With fears of a talent exodus as the rising Cost-of-Living and inflation continues to drive staff to new, higher-paid roles, global employee pay company – CloudPay – warns that firms need to find alternative means of improving the financial support available to staff.
This latest call follows data from talent services company, Morgan McKinley. Their research revealed that more than half (57%) of global employers are worried they will lose staff in the first half of 2023 due to higher earning potential elsewhere.
According to CloudPay’s own research – produced in conjunction with Industry Dive – the frequency of pay days is equally as important to staff in the current climate, with 60% of employees raising concerns around how they would pay for an emergency. A further 70% of executives stated that responding to employees who want to be paid before payday was the greatest challenge facing their payroll teams.
As Paul Bartlett, CEO of CloudPay explains, Pay On-Demand options for staff provide the pay parity employees need without putting further financial strain on businesses themselves:
“Rising interest rates, inflation, and fears of a recession have understandably driven financial worries to the forefront of employees’ minds whilst business leaders contemplate the impact it will have on staff attrition rates. The data from Morgan McKinley suggests that firms could be facing a talent exodus at a time when skills shortages are already rife. However, company-wide pay rises aren’t feasible for all employers, particularly as economic uncertainty continues.
“This is why firms need to be more innovative with their solutions and think outside of the box. Our own research found that improved financial well-being can help create a happier, more engaged workforce and, perhaps more importantly, a reduction in staff turnover. By giving employees access to the salary they have already earned, when they want and need it, rather than waiting until a designated pay day – or resorting to loans or credit cards – employers can easily alleviate some of the challenges they’re facing.
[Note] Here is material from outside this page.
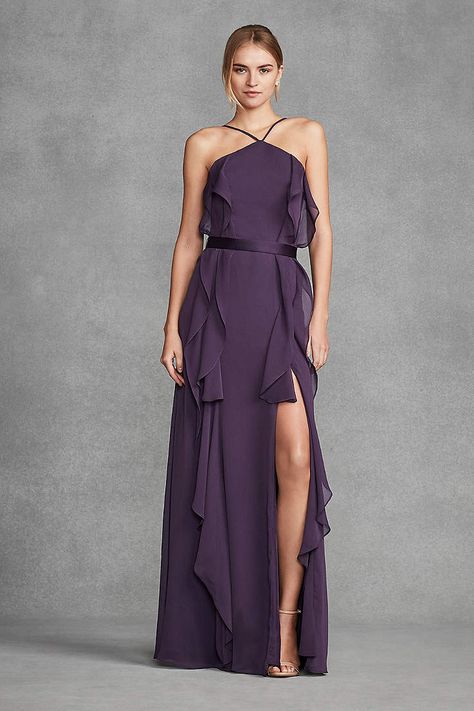 View Simple Halter High Neck Bridesmaid Dress at David's Bridal Bridesmaid Dresses Short Purple, High Neck Bridesmaid Dresses, Long Purple Dress, Lilac Bridesmaid, Smith Wedding, Lilac Bridesmaid Dresses, Sweetheart Bridesmaids Dresses, Purple Bridesmaid, Dress Code Wedding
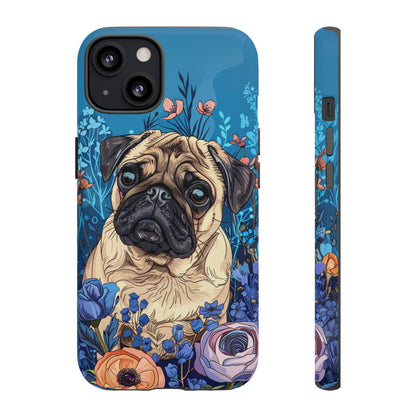 Cute Pug Dog Blue Floral Design Phone Case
It might not be a salary increase, but it helps provide further stability for staff whilst also acting as both an attraction and retention mechanism on a more sustainable basis.
“Earned Wage Access or Pay On-Demand solutions offer businesses a low-cost, high-value, fully consumerised and flexible employee benefit that addresses an important employee concern in times of economic uncertainty. There’s a belief that this flexible pay benefit creates additional workloads for the company and employees could be encouraged to overspend. In fact, it’s quite the opposite. The solution can be up and running in as little as two weeks with limits placed on how much of their earned wages can be withdrawn in a transaction, providing a much better alternative to incurring debt.
“The current economic climate is only going to continue to have an adverse impact on staff. Rather than lose them to competitors at a time when skills shortages are rife, firms need to look at innovative ways to support and ultimately retain staff. Giving them access to Pay On-Demand is, in my view, a significant benefit that shouldn’t go ignored.”